Graduate Seminar

Location:  Livestream Only

Speaker: Amitabh Halder

PhD Student supervised by Affan Shoukat and Andrei Volodin

Title:  Asymptotic Normality and Corresponding Confidence Intervals for Yule's Q under Different Sampling Schemes

Zoom: https://uregina-ca.zoom.us/j/92053635111?pwd=U25NcEp6amlGV1YrRDdnUm5qNlhaUT09

Abstract:

Let \(p_1\) and \(p_2\) be the probabilities of success of the first and second independent Bernoulli trials, respectively. Yule's Q is defined as \(Q = \frac{\rho - 1}{\rho + 1}\), a function of the cross-product ratio \(\rho = \frac{p_1}{1 - p_1} \frac{1 - p_2}{p_2}\) of two independent binomial samples. For different sampling schemes, we provide estimators of Yule's Q and prove their asymptotic normality. After, we construct confidence intervals for Yule's Q for all combinations of direct and inverse sampling schemes.

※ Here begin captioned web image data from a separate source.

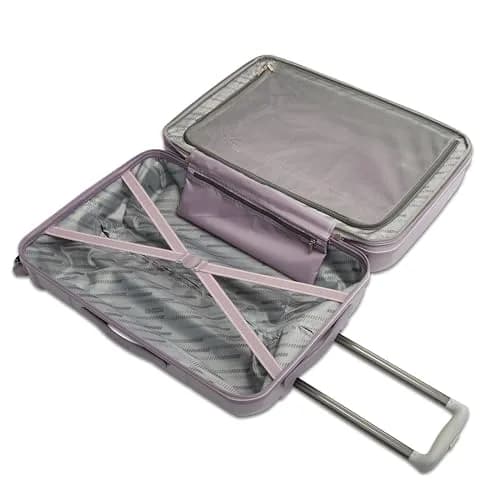 American Tourister Stratum 2.0 Expandable Hardside Luggage 28" Purple Haze | 5342 cu in, Spinner Wheels thumbnail 3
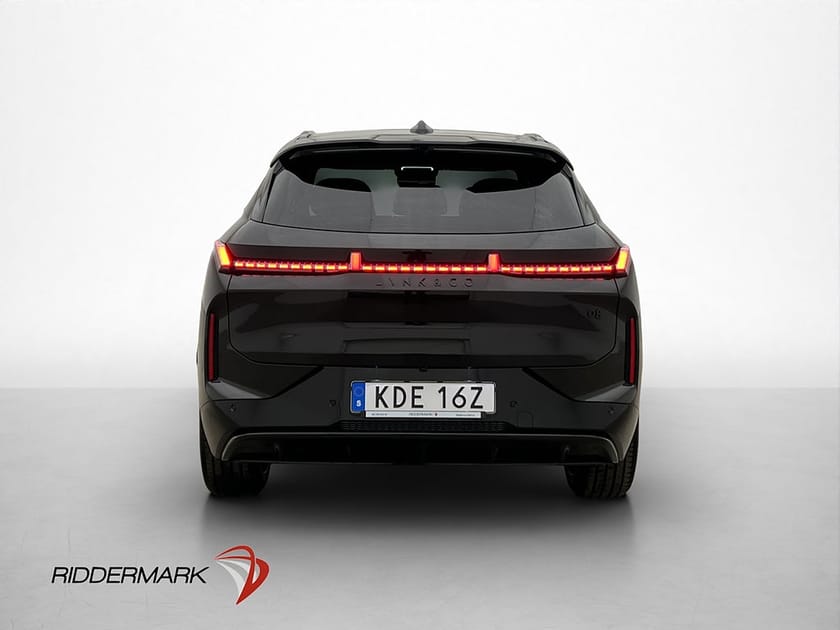 Bild 5 av Lynk & Co 08 PHEV 349hk 39,6 kWh More Pano H/K 360° Massage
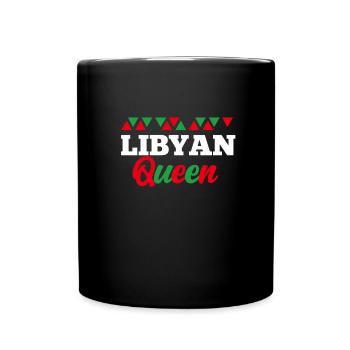 Madagascar - Mug uni - noir - Devant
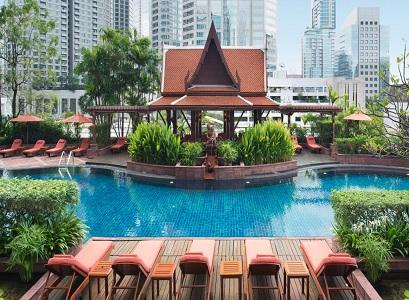 Hotel 5* Royal Meridien Plaza Athenee Bangkok Thailanda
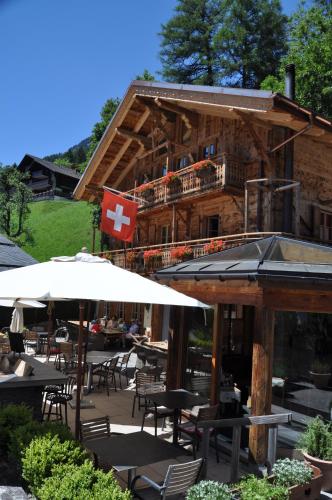 Hotel in Champéry 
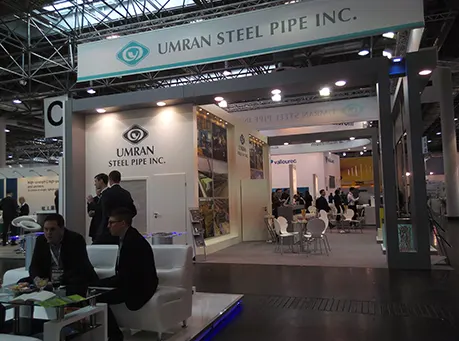 exhibition stand design & build Nice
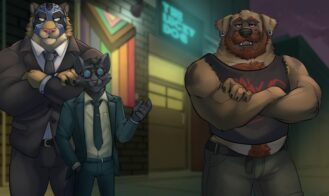 Clawstar Wrestling Adult Game Screenshot (6)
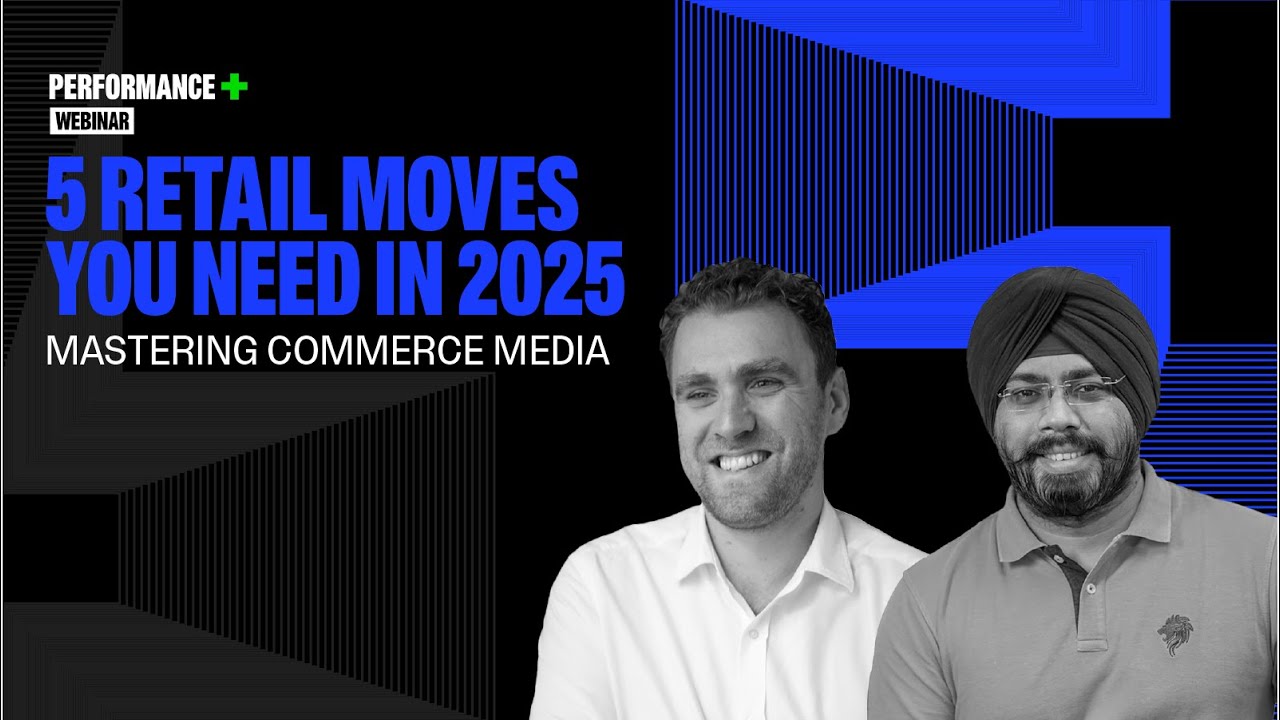 Mastering Commerce Media: 5 Strategies for Retail Growth in 2025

In addition, we employ the Monte Carlo method for the estimations of coverage probability, expected width, and standard deviation of confidence intervals width to examine probability characteristics of confidence intervals to all relevant combinations of sampling schemes. Simulation outcomes exhibit that the confidence intervals occupy good accuracy properties. The proposed confidence intervals may be employed to real life data applications in all possible combinations of sampling schemes.